The United Nations Food and Agriculture Organisation [FAO] in a report co-authored with the Global Panel on Agriculture and Food Systems for Nutrition said that poor diet is a greater threat than diseases like Tuberculosis, Malaria and Measles. Today diet related factors account for 6 of the top 9 contributors to the global burden of disease.
Today the world is producing more food than it needs yet an estimated 3 billion people have inadequate diets according to the report. ‘Every year approximately 1.3 billion metric tonnes of food produced for human consumption- one third of the total, never reaches the consumer’s plate or bowl’ stated the report.
It has been suggested in the report that eating of more nutrient rich food already being produced would result in savings to land, water and energy consumption associated to food production. The report recommends higher consumption of fresh fruits and vegetables. The rising demand is for a healthy diet rather than one of calorie sufficiency.

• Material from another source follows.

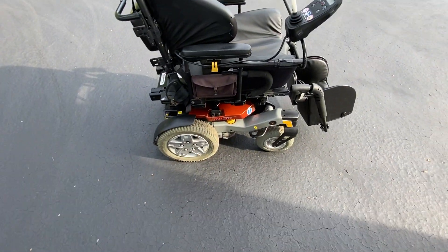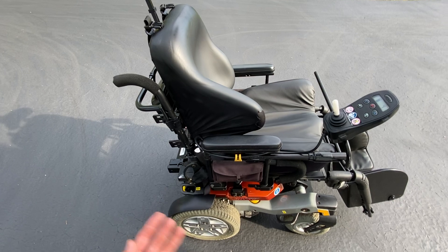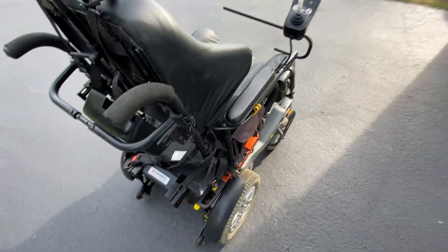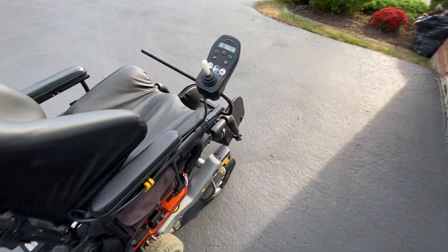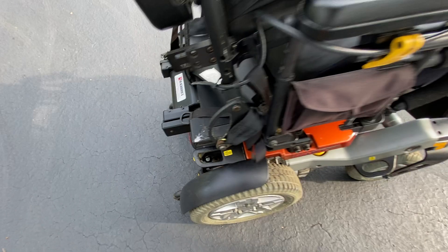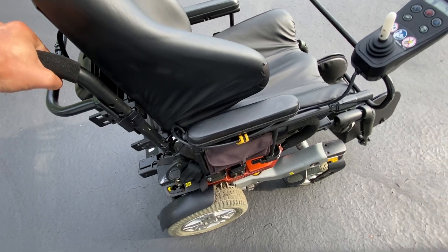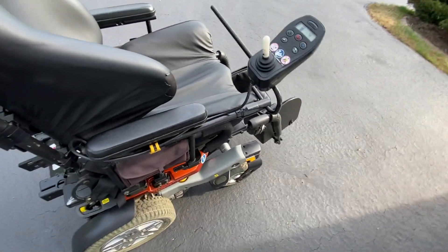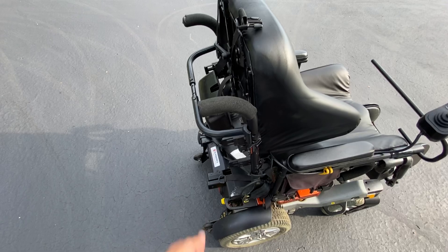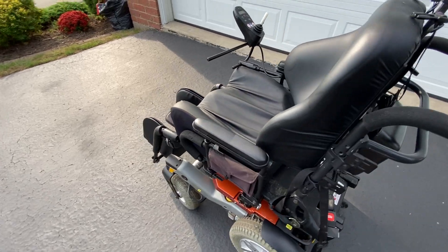It is a four-wheel wheelchair, as opposed to the common six-wheel wheelchair. It's based off an older but tried-and-true design — rear-wheel drive, four-wheel chassis with anti-tip wheels in the back. This chair is an incredibly heavy chair, probably weighing close to 250 to 300 pounds. You can't lift it or move it by hand except for pushing it when it's in neutral.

In 2016, worldwide, one in five deaths was associated with poor diets. Nutrient rich foods such as legumes, nuts, fruits and vegetables should be included in the diet to ensure better health. As much of the food produced is wasted during production, transport or storage, it is imperative to seek better methods for these. Wastage of food must be reduced so that it reaches the plates of the needy.
As per FAO definition Food security exists when all people at all times have physical, social and economic access to sufficient, safe and nutritious food which meets their dietary needs and food preferences for an active and healthy life.
It is an undeniable fact that a well-balanced diet goes hand in hand with a healthy life. Many disease can be staved off by a healthy diet. Children are the most visible victims of under nutrition. It has been estimated that under nutrition – including stunting, wasting, deficiencies of Vitamin A and Zinc and foetal growth restriction is a cause of 3.1 million child deaths annually. Under-nutrition magnifies the effect of every disease including Measles and Malaria.